The central point of contrast here is between the Old Testament "prophets" and Christ "the Son." Though the Holy Spirit has not here developed the details of this contrast, we can ourselves, by going back to the Old Testament, supply them. Mr. Saphir has strikingly summarized them under seven heads. "First, they were many: one succeeded another: they lived in different periods. Second, they gave out God’s revelation in ‘divers manners’—similitudes, visions, symbols. Each prophet had his peculiar gift and character. Their stature and capacity varied. Third, they were sinful men—Isaiah 6:5, Daniel 10:8. Fourth, they did not possess the Spirit constantly. The ‘word’ came to them, but they did not possess the Word! Fifth, they did not understand the heights and depths of their own message—1 Peter 1:10. Sixth, still less did they comprehend the whole of God’s revelation in Old Testament times. Seventh, like John the Baptist they had to testify ‘I am not the Light, I am only sent to bear witness of the Light.’" Now, the very opposite was the case in all these respects with the "Son." Though the revelation which God gave the prophets is equally inspired and authoritative, yet that through His Son possesses a greater dignity and value, for He has revealed all the secrets of the Father’s heart, the fullness of His counsel, and the riches of His grace.
"In these last days" (verse 2). This expression is not to be taken absolutely, but is a contrast from "in time past." The ministry of Christ marked "the last days." That which the Holy Spirit was pressing upon the Hebrews was the finality of the Gospel revelation. Through the "prophets" God had given predictions and foreshadowings; in the Son, the fulfillment and substance. The "fullness of time" had come when God sent forth His Son (Gal. 4:4). He has nothing now in reserve. He has no further revelation to make. Christ is the final Spokesman of Deity. The written Word is now complete. In conclusion, note how Christ divides history: everything before pointed toward Him, everything since points back to Him; He is the Center of all God’s counsels.
"Spoken unto us" (verse 2). "The pronoun us refers directly to the Jews of that age, to which class belonged both the writer and his readers; but the statement is equally true in reference to all, in every succeeding age, to whom the word of this salvation comes. God, in the completed revelation of His will, respecting the salvation of men through Christ Jesus, is still speaking to all who have an opportunity of reading the New Testament or of hearing the Gospel" (Dr. J. Brown).
"In (His) Son" (verse 2). Christ is the "Son of God" in two respects. First, eternally so, as the second Person in the Trinity, very God of very God. Second, He is also the "Son as incarnate." When He took upon Him sinless human nature He did not cease to be God, nor did He (as some blasphemously teach) "empty" Himself of His Divine attributes, which are inseparable from the Divine Being. "God was manifest in flesh" (1 Timothy 3:16). Before His Birth, God sent an angel to Mary, saying, "He (the Word become flesh) shall be called the Son of God" (Luke 1:35). The One born in Bethlehem’s manger was the same Divine Person as had subsisted from all eternity, though He had now taken unto Him another, an additional nature, the human. But so perfect is the union between the Divine and the human natures in Christ that, in some instances, the properties of the one are ascribed to the other: see John 3:13, Romans 5:10. It is in the second of these respects that our blessed Savior is viewed in our present passage—as the Mediator, the God-man, God "spake" in and through Him: see John 17:8, 14, etc.

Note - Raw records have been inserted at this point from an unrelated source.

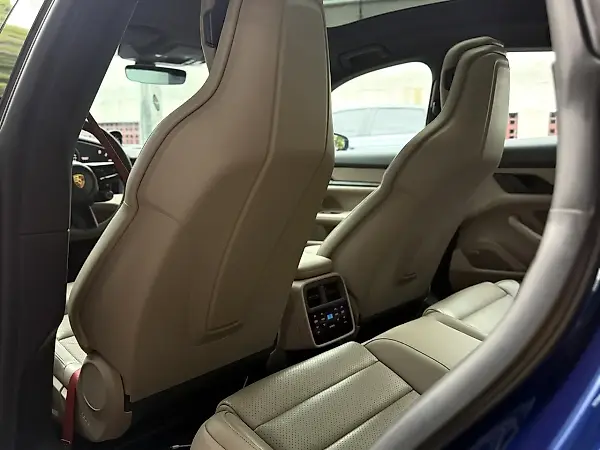 Porsche Taycan - Imagem 18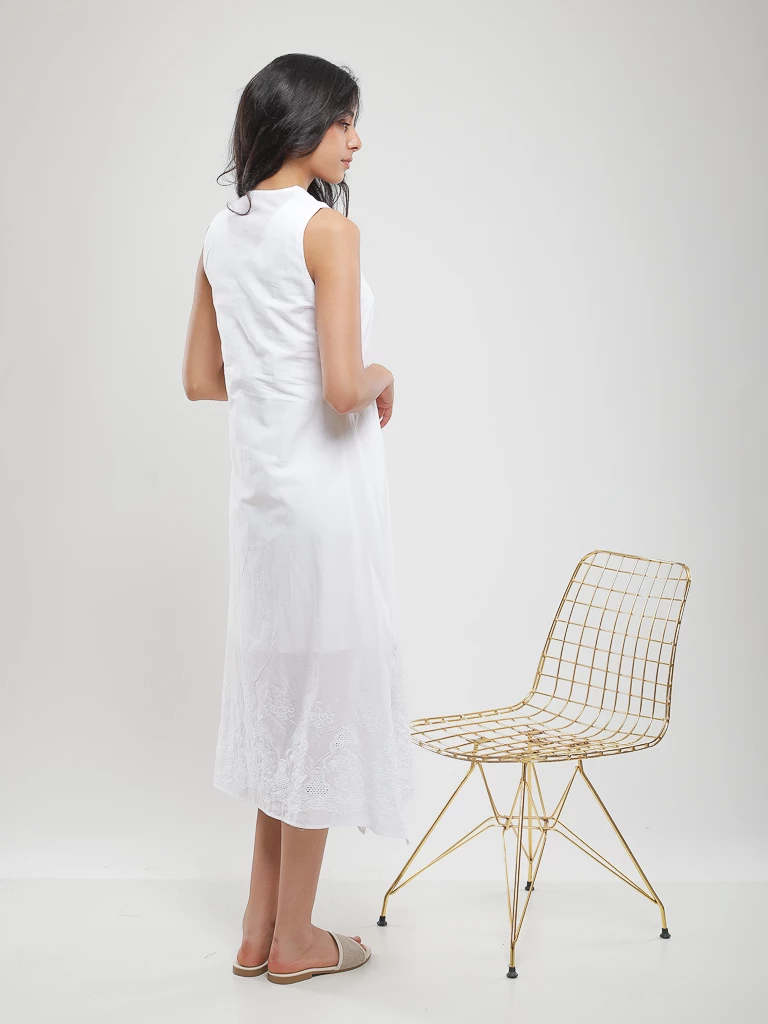 Robe midi sans manches brodée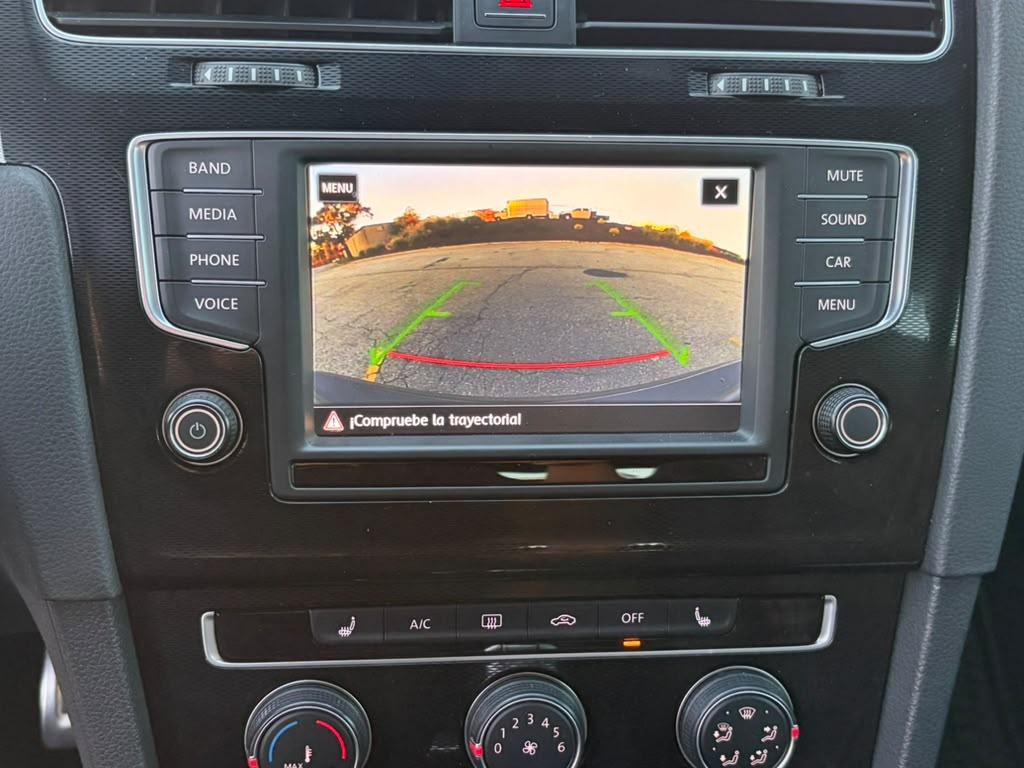 Volkswagen Golf GTI S 6A 4-Door 2017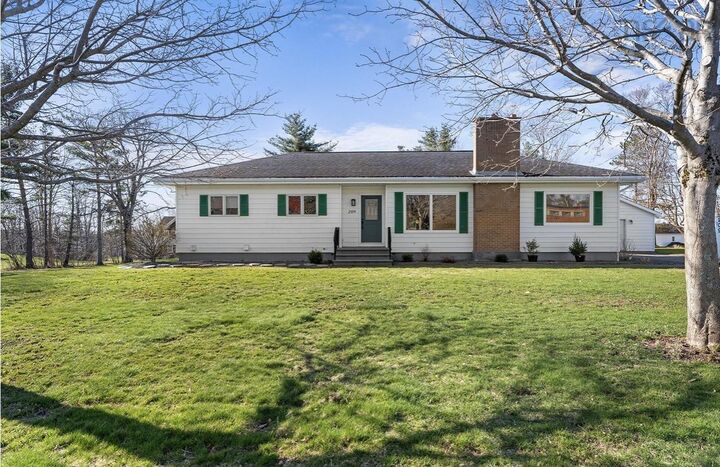 Property Photo: 209 Louise Street NS B0K 1H0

Summarizing what has been said, we may note how that this opening sentence of our Epistle points a threefold contrast between the communications which God has made through Judaism and through Christianity. First, in their respective characters: the one was fragmentary and incomplete; the other perfect and final. Second, in the instruments which He employed: in the former, it was sinful men; in the latter, His holy Son. Third, in the periods selected: the one was "in time past," the other in "these last days," intimating that God has now fully expressed Himself, that He has nothing in reserve. But is there not here something deeper and more blessed? We believe there is. Let us endeavor to set it forth.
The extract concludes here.